Daniel Tobin’s book of poems, Where the World is Made, won the 1998 Bakeless Prize. He is also the author of a critical study, Passage to the Center: Imagination and the Sacred in the Poetry of Seamus Heaney. His work has appeared in many journals, among them Poetry, The Paris Review, The Nation, Ploughshares, Doubletake, and The Tampa Review. His poems have been anthologized in The Bread Loaf Anthology of New American Poets, Urban Nature, and The 1996/97 Yearbook of American Poetry and Anthology of Magazine Verse.
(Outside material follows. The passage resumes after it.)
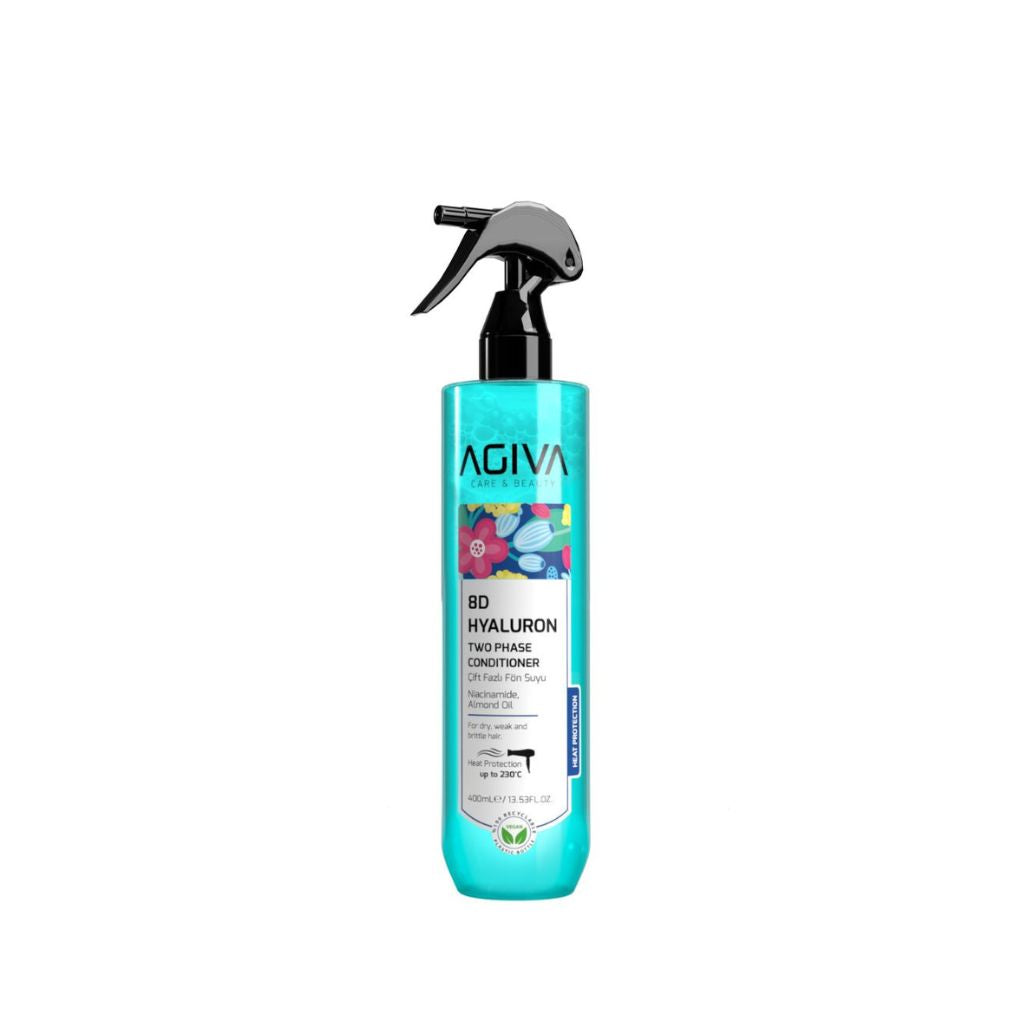 Agiva 8D Hyoluron Pro CareTwo Phase Conditioner 400 ML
His awards include The Discover/The Nation Award, The Robert Frost Fellowship from the Breadloaf Writers’ Conference, and a Creative Writing Fellowship from the National Endowment for the Arts. He currently teaches at Carthage College and at The Program for Writers at Warren Wilson College.

 

Kathrine Varnes, "Her Ex-Husband’s Choir in Seven Voices" and “Job Search:  On the 56th Day of Year Three”

Biographical Note

            Kathrine Varnes recently moved from Delaware to Columbia, Missouri, where she teaches, writes, and gardens.  Her poems and essays have appeared most recently in Slant, Poet Lore, College English, Antipodas, and After New Formalism.  In August 2000, she was featured on the Poet of the Month site edited by Mark Jarman and John Canaday (http://members.aol.com/poetrynet/month/)

 

Donald Mace Williams, "Wind"

Biographical Note

Donald Mace Williams is a retired newspaper reporter and editor. He lives in Canyon, Texas, where in the early 1970s he taught English at what is now West Texas A&M University. He is the author of Interlude in Umbarger: Italian POWs and a Texas Church, and his poems have been published in Western Humanities Review and North Dakota Review.

 

Carolyne Wright, "Last Dream in Peru"

 Biographical Note

            Carolyne Wright’s new collection, Seasons of Mangoes and Brainfire, won the 1999 Blue Lynx House Press (selected by Yusef Komunyakaa), and was published by Lunx House Press in 2000.  Other titles include Premonitions of an Uneasy Guest (AWP Award Series) and From a White Woman’s Journal (Water Mark); a collection of essays, A Choice of Fidelities: Lectures and Readings from a Writer’s Life; and three volumes of poetry in translation from Spanish to Bengali.  Wright is working on an investigative memoir of her experiences in Chile during the presidency of Salvador Allende, The Road to Isla Negra, which has received the PEN/Jerard Fund Award and the Crossing Boundaries Award from International Quarterly.  Wright has received awards from the National Endowment for the Arts, the Poetry Society of America, and the New York State Council on the Arts.  In 2000-2001, she is serving as Writer-in-Residence at the University of Central Oklahoma.

 

Photography

 John Hodges, “Holding Things” 

Boy Holding Basketball with Two Hands

     In Chicago I thought, What's Chicago if I don't see the South Side, so I took the train, got off, walked across a lot and asked this boy if I could take his picture.  He didn't say anything, but stood like that frozen.  As I walked down another street, a police officer pulled over and shook his head.  Get in, he said and drove me to the city, pointing out the El Rukin gang house along the way.  It was neatly-shaped with moons and stars on it, and the cop said, You're lucky, this favor, he said.  He didn't want to help me out on an ambulance call which was where I was heading.

 Biographical Note

            John Hodges has published photographs and fiction in various journals, including Apalachee Quarterly, Alabama Literary Review, Witness, Coe Review, New Stone Circle, and Contact Sheet.  He currently attends Florida State University as a graduate student in creative writing.  His story, “Filet Mignon,” will appear in an upcoming issue of Mississippi Mud, which will include a CD-ROM on which he reads his story.